Respiratory navigator-gated, ECG-triggered, contrast-enhanced, 3D whole-heart balanced SSFP MRI with fat saturation and T2 preparation pulse was acquired in transverse plane at the ES and the ED, separately (n = 89) or simultaneously (n = 21) during free breathing. Imaging parameters that were used for the 3D whole-heart imaging were as follows: TR/TE, 3.8 ms/1.9 ms; flip angle, 60°; turbo field echo factor, 8–15; the number of cardiac phases, 1 or 2; temporal resolution, 30–100 ms; the number of signal averages, 1; voxel size, 1.3–1.8 mm × 1.3–1.8 mm × 1.3–1.8 mm; 130 slices; and SENSE factor, 1.5–2.0 in anteroposterior direction. Field of view was adjusted individually according to patient size. The acceptance window of pencil beam navigator placed on the diaphragmatic dome was adjusted to the range of 3–7 mm to achieve optimal navigator gating efficiency of approximately 60% depending on a patient's respiratory pattern. Eighty-phase four-chamber cine imaging was used to determine the timing and duration of the ES and ED phases independently of each other in 89 patients. In dual-phase whole-heart MRI sequence enabling simultaneous acquisition of the two cardiac phases (6), a shorter duration between the two was selected to avoid image degradation of a shorter, usually ES, phase in the remaining 21 patients. Since the true trigger delay for the ED phase determined by 80-phase four-chamber cine imaging was technically difficult to be incorporated in whole-heart MRI protocol, the actual ED trigger delay was set to be the longest allowable. The total scan time for the 3D whole-heart MRI including both ES and ED phases was variable depending on imaging parameters and navigator efficiency, and was approximately 10–12 minutes. Single dose (0.1 mmol/kg) of a gadolinium-based contrast agent (gadoterate meglumine; Guerbet, Villepinte, France) was intravenously administered immediately prior to whole-heart MRI.

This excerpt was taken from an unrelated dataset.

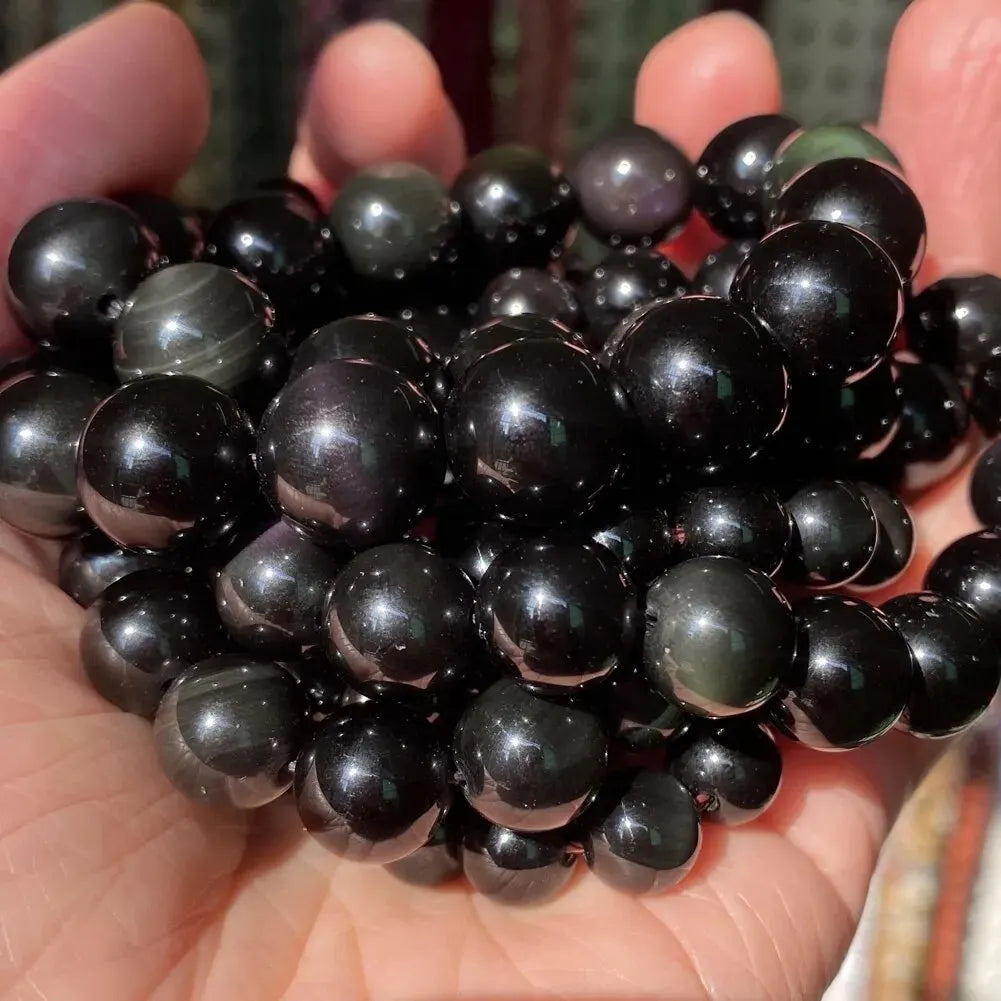 1 Strand 45pcs Natural Stone Beads – Rose Quartz, Tiger Eye, Obsidian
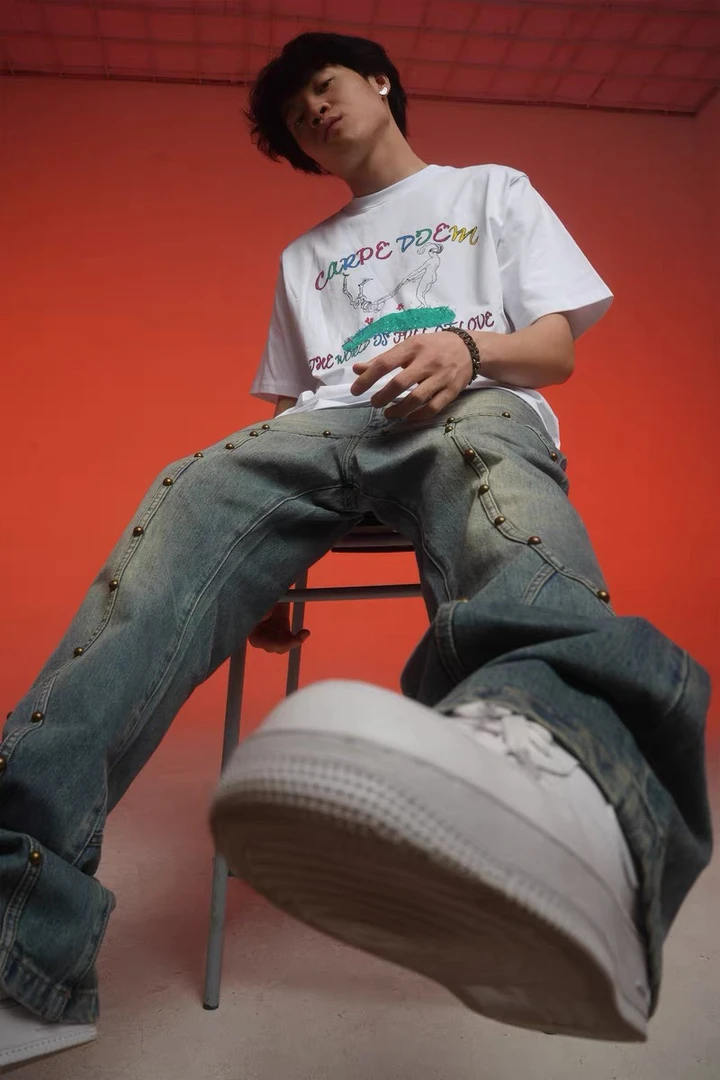 CEDM/CARPEDIME 2023夏季复古洗水微喇铆钉休闲百搭牛仔裤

For flow measurements, regions of interest were placed manually along the outlines of the great arteries including the ascending aorta, the right pulmonary artery and the left pulmonary artery on 20 magnitude images of 2D cine phase-contrast MRI by using a commercially available workstation (View Forum; Philips Healthcare). The measured forward stroke volumes were recorded.
Ventricular volume quantification, using 2D short-axis cine MRI, was performed by using a commercially available workstation (View Forum). The ES and ED phases were chosen independently for each ventricle when the cardiac phase displayed the smallest and largest ventricular cavity at the mid-ventricular level, respectively. A manual simplified endocardial contouring method was used with inclusion of the papillary muscles and trabeculations in ventricular cavity (Fig. 1). At the basal sections, the semilunar and atrioventricular valve planes were manually drawn by tracing the valve planes on neighboring cine images.

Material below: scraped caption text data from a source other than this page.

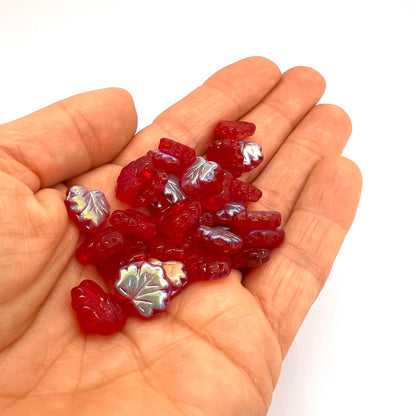 13x11mm Maple Leaf Beads - Pack of 10 - Siam AB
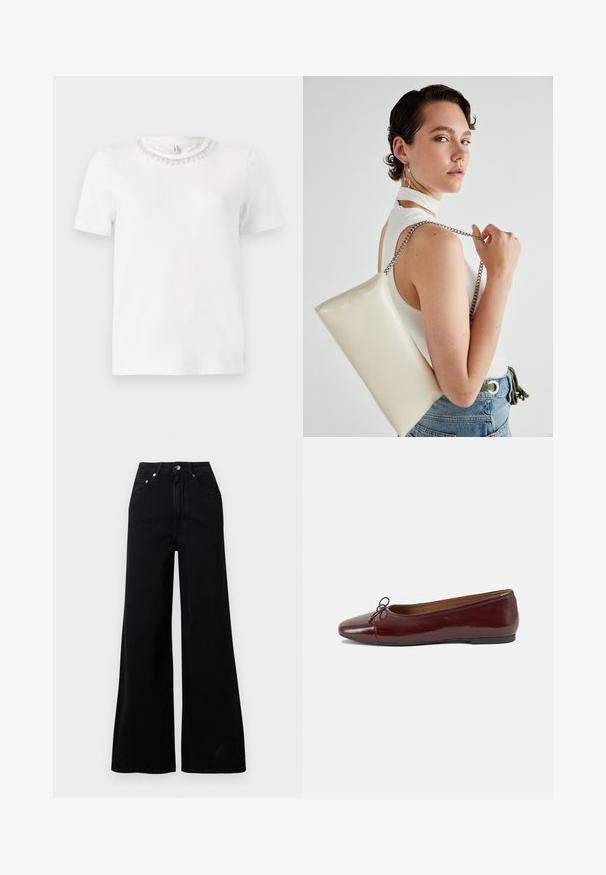 White short-sleeve t-shirt with a round neckline, featuring a decorative beaded collar. Made from smooth, soft fabric.; Black wide-leg jeans made from denim, featuring a high waist, five pockets, front button closure, and minimal stitching details.; Burgundy patent leather ballet flat with a rounded toe, small bow accent at the front, and a low, black rubber sole. Smooth texture.; White rectangular clutch bag made of glossy material, featuring a silver chain strap. Model poses, showcasing the bag against a plain background.
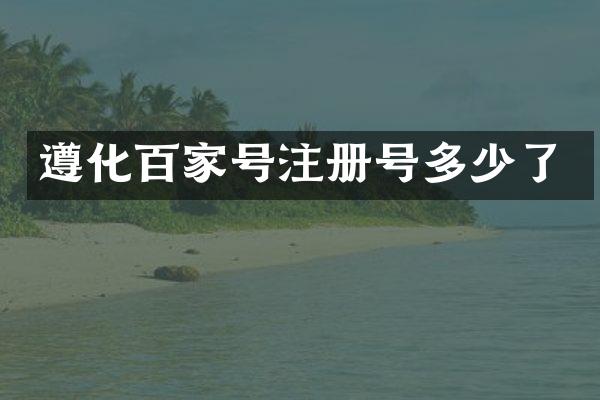 遵化百家号注册号多少了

For 3D whole-heart MRI, ventricular volumes were quantified by using another commercially available workstation (Advantage Windows 4.6; GE Healthcare, Milwaukee, WI, USA). By using a 3D threshold-based segmentation method, the papillary muscles and trabeculations could be excluded from ventricular cavity (Fig. 1). An optimal segmentation threshold for the ES and ED phases was chosen independently for each cardiac phase by using a histogram-assisted analysis to identify the tissues consisting of 100% ventricular myocardium in the region of the interventricular septum (Fig. 2) (2021). Atrioventricular valve planes were manually adjusted by using a 3D region-growing editing tool and the semilunar valve planes were manually corrected by using a 3D scalpel tool (Fig. 2). Processing time for ventricular volume quantification, using the 3D threshold-based segmentation and subsequent manual adjustment, was recorded.
From the measured ES and ED volumes with the simplified contouring methodology using 2D short-axis cine MRI and with the 3D threshold-based segmentation method using 3D whole-heart MRI, left and right ventricular stroke volumes were calculated.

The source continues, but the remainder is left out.